[Feat][Graph] Support FULL_DECODE_ONLY mode for GQA/MHA models (#2128)
Note: This depends on [vLLM
#25161](https://github.com/vllm-project/vllm/pull/25161) and the
torch\_npu release from September 30.
### What this PR does / why we need it?
This pull request adds `FULL_DECODE_ONLY` mode for GQA/MHA models (MLA
models like DeepSeek V3/R1 are not included). Key improvements include:
* **Reduced dispatch latency:** By replaying the entire model execution
graph at once, we cut overhead compared with multiple smaller replays.
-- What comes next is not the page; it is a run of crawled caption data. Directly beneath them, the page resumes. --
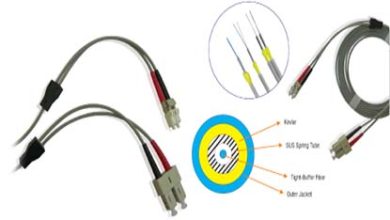 Eurotech BestNet Fiber Optic Patch Cables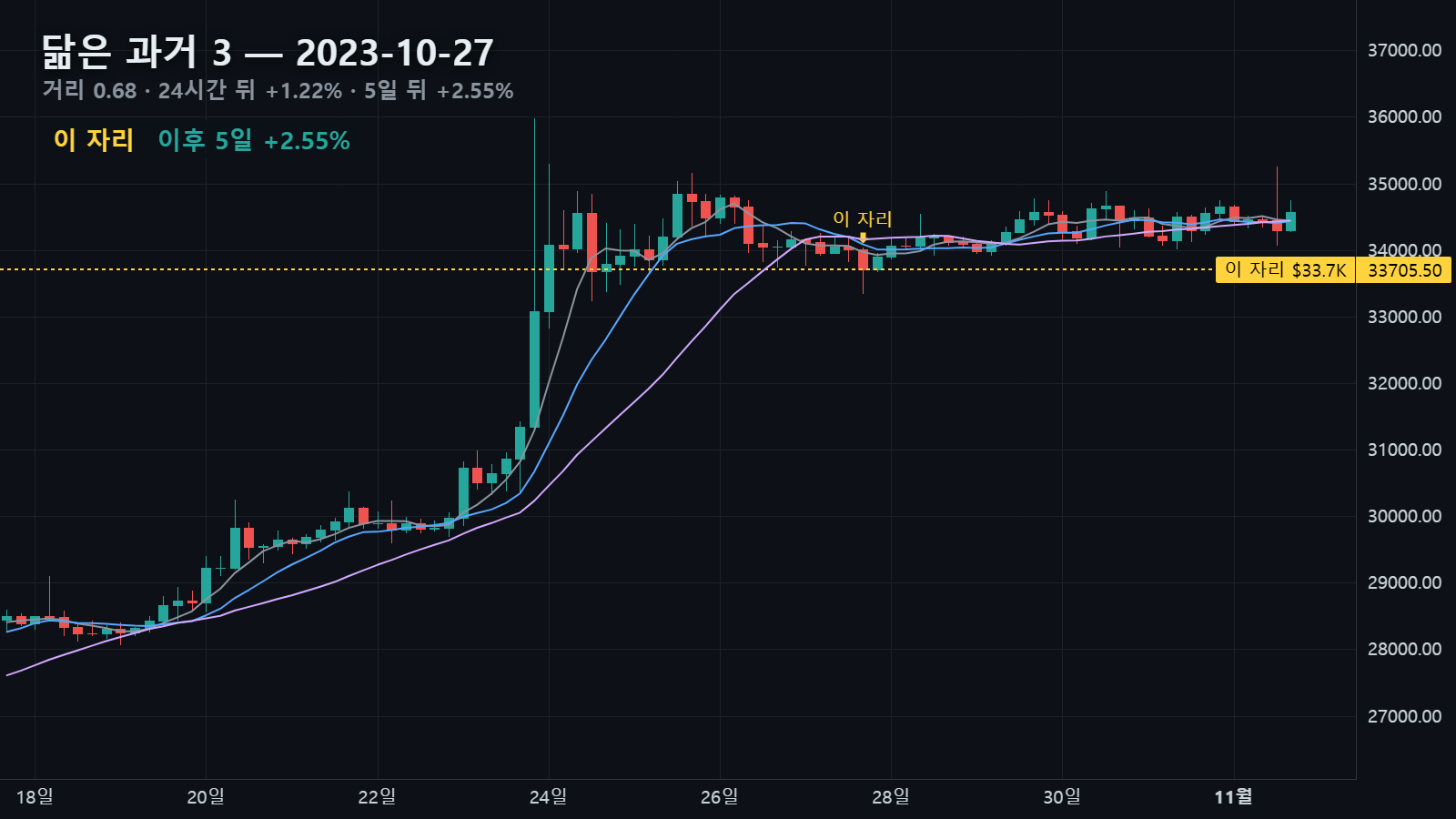 닮은 과거 3 — 2023년 10월 27일 자리, 24시간 뒤 +1.22%, 5일 뒤 +2.55%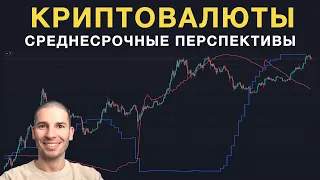 Среднесрочный прогноз стоимости криптовалют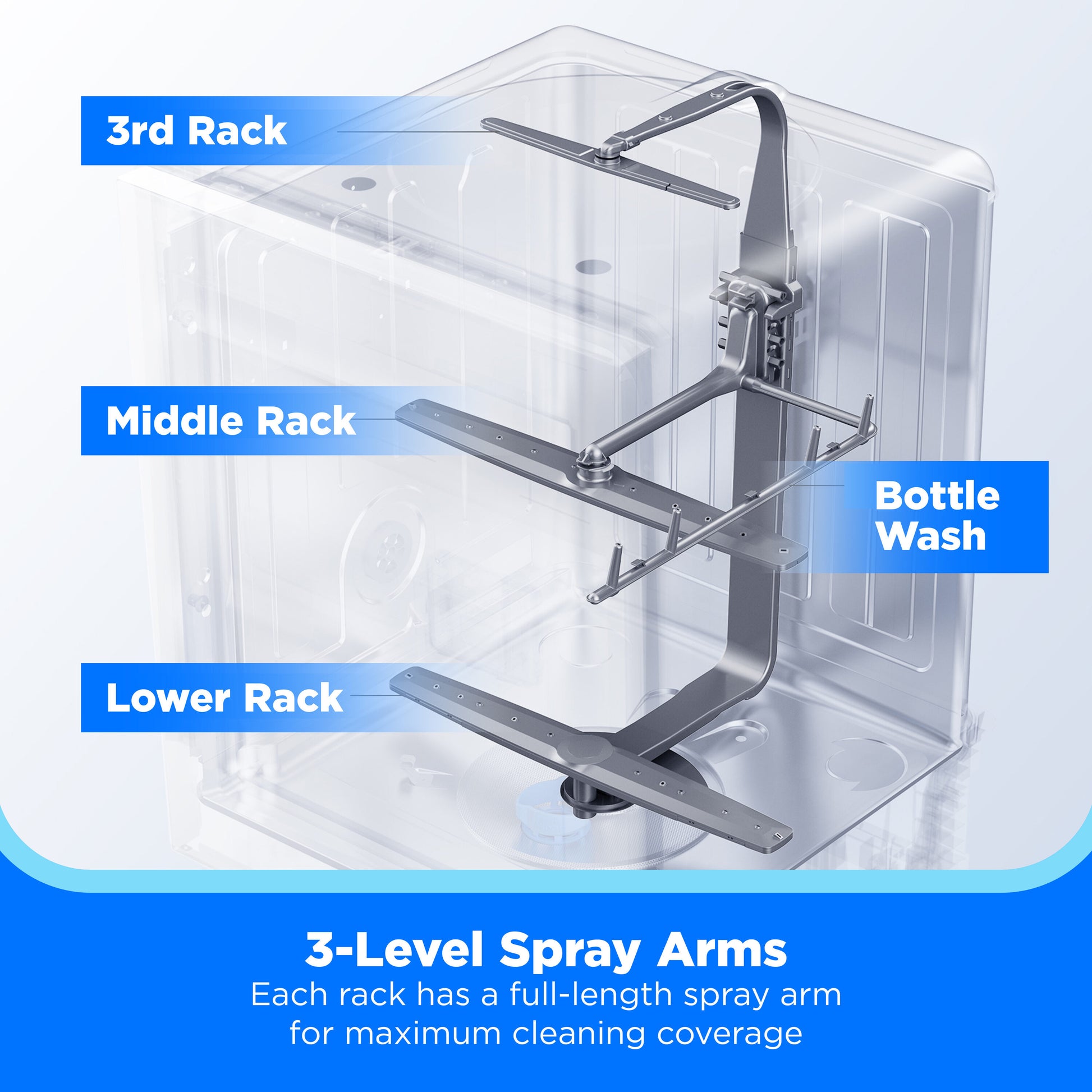 Midea 24-in Top Control Built-in Dishwasher ( Stainless Steel ) With Third Rack, 47-Decibel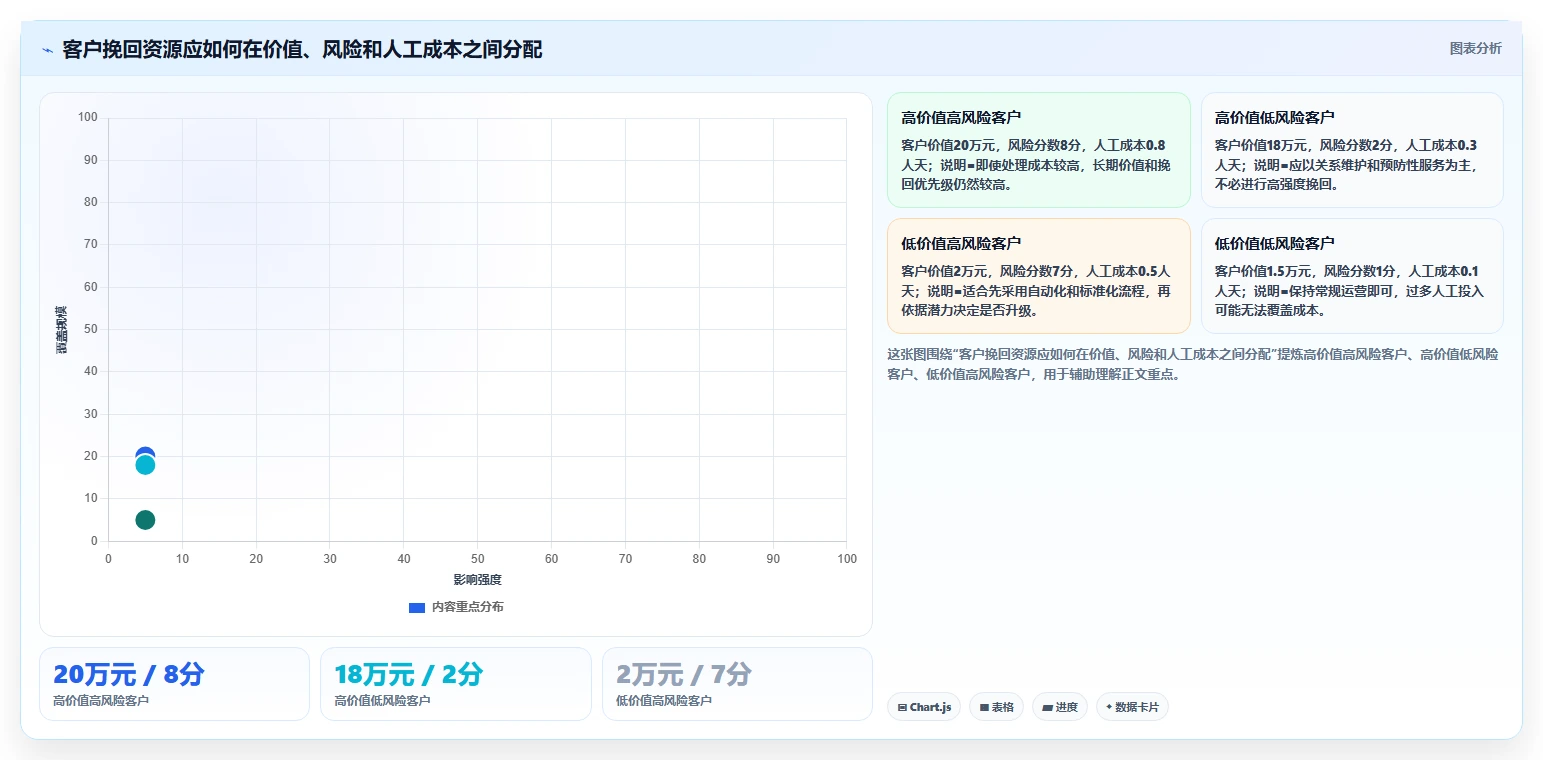 crm大数据分析：销售主管流程优化：流失预警怎样减少复购率低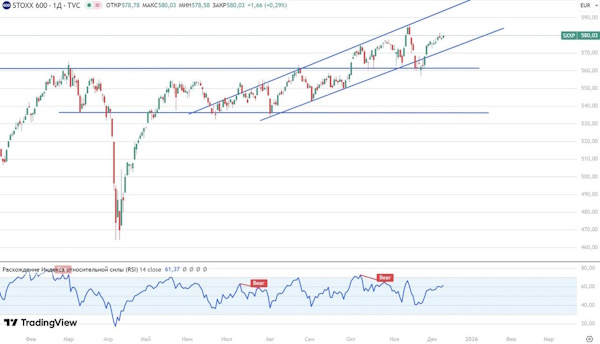 Очередные срывы переговоров и жесткие формулировки усиливают опасения инвесторов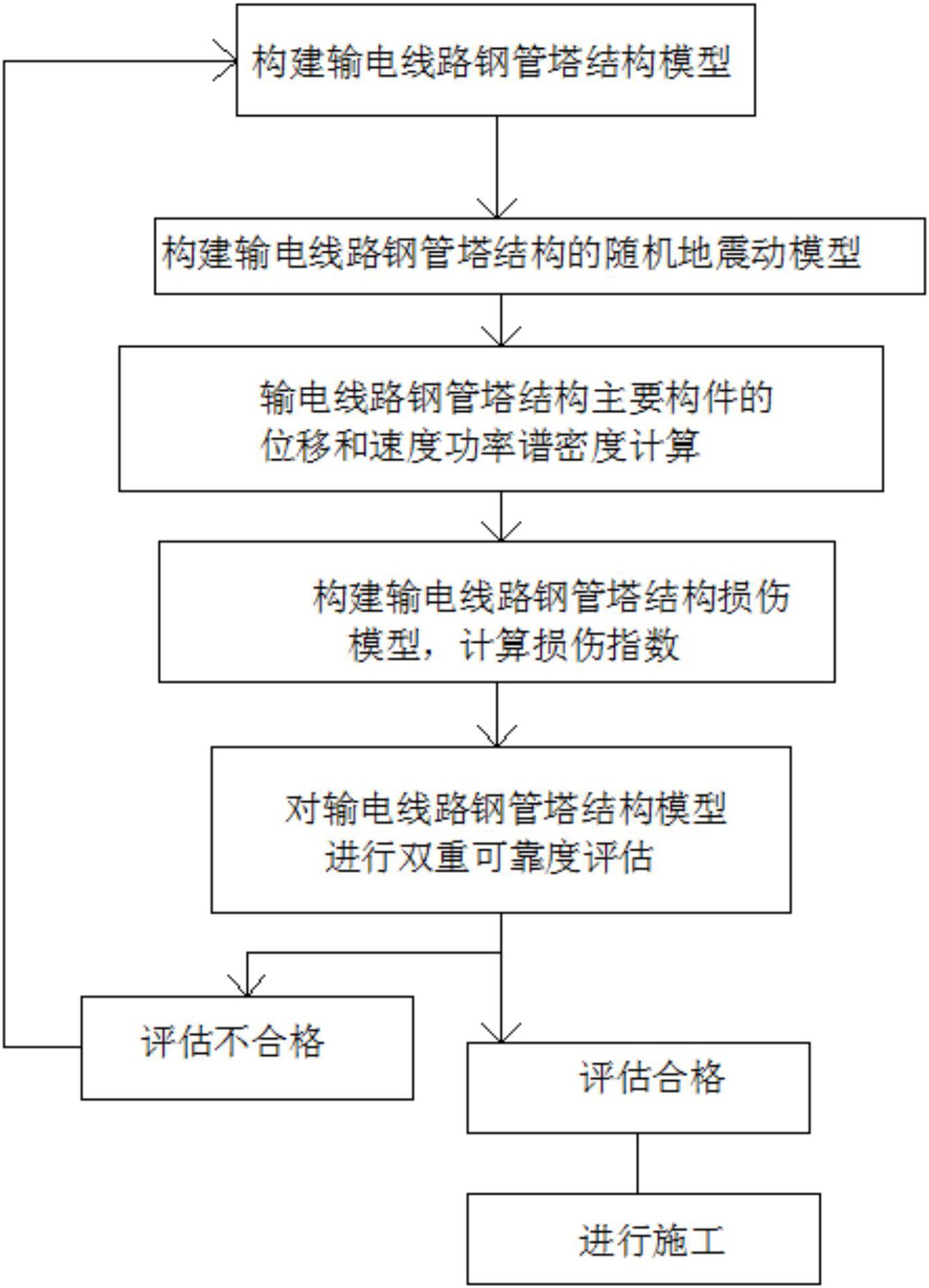 一种输电线路钢管塔的施工方法-爱企查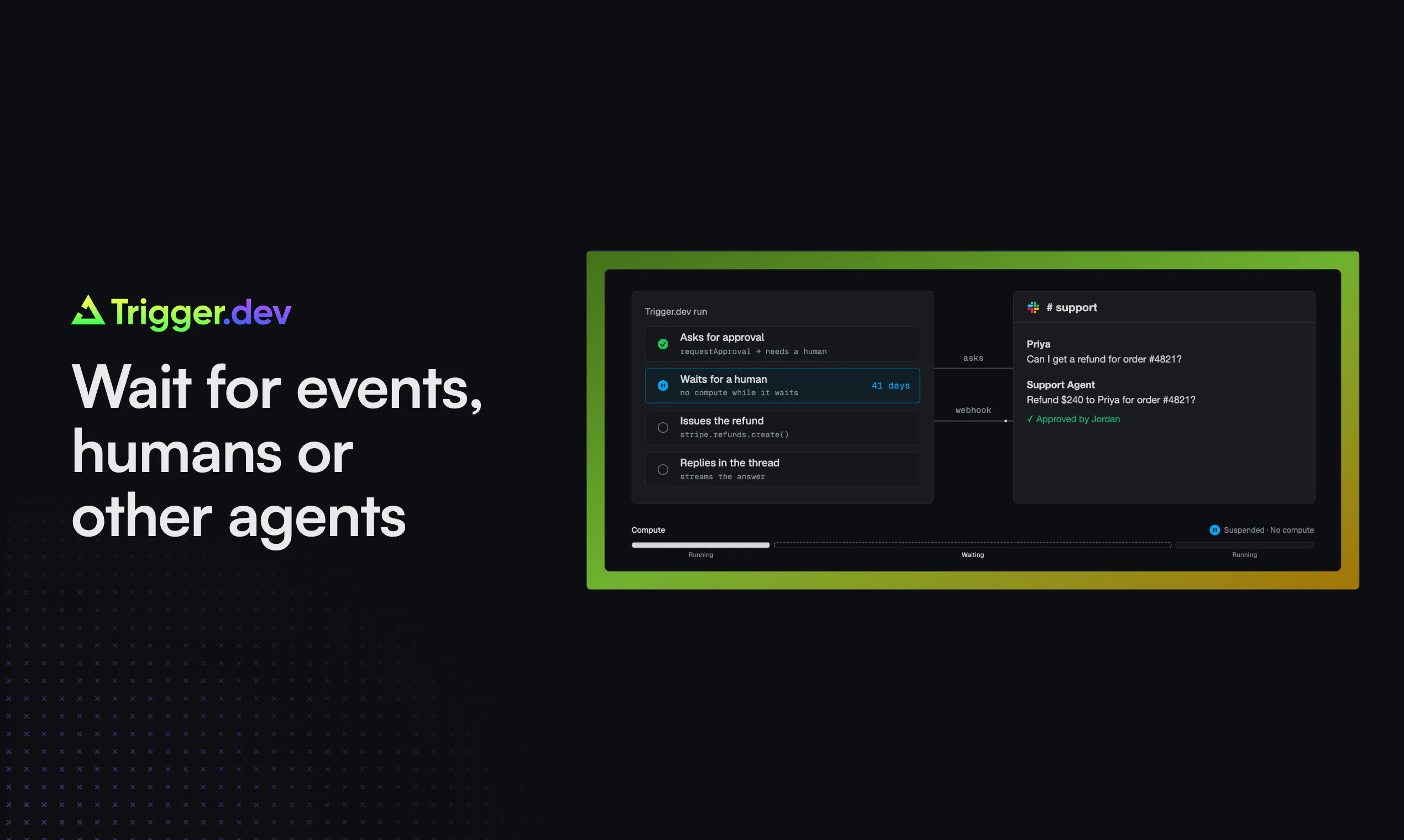 Trigger.dev: Webhooks for your AI agents gallery image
* **Stabilized multi-device performance:** Captureing the whole model as
one static graph also mitigates the dispatch fluctuations across
devices.
* **Stream/resource savings:** Consolidating graph captures frees up
streams, allowing more graphs to be captured.
**Known issues:**
1. `_npu_paged_attention` currently manages its own workspace in
`torch_npu`, which can deadlock when synchronizing during graph replay —
we’re working on a fix.
There may be other corner cases. This PR is the first in a planned
series; we’ll continue to iterate and address remaining issues in
follow-ups.
This is essentially a port of #1503 and #1677, but includes two major
changes:
1. Let `graph_dispatcher` decide the graph mode instead of hard-coding
it in the backend, which decouples Full Graph and Piecewise Graph and
could make it possible to remove dynamo.
2. Adapt to the new `attn_group` logic, but leave a small hack in
`update_graph_params`; multi-attention models may or may not be fully
supported yet.
### Does this PR introduce _any_ user-facing change?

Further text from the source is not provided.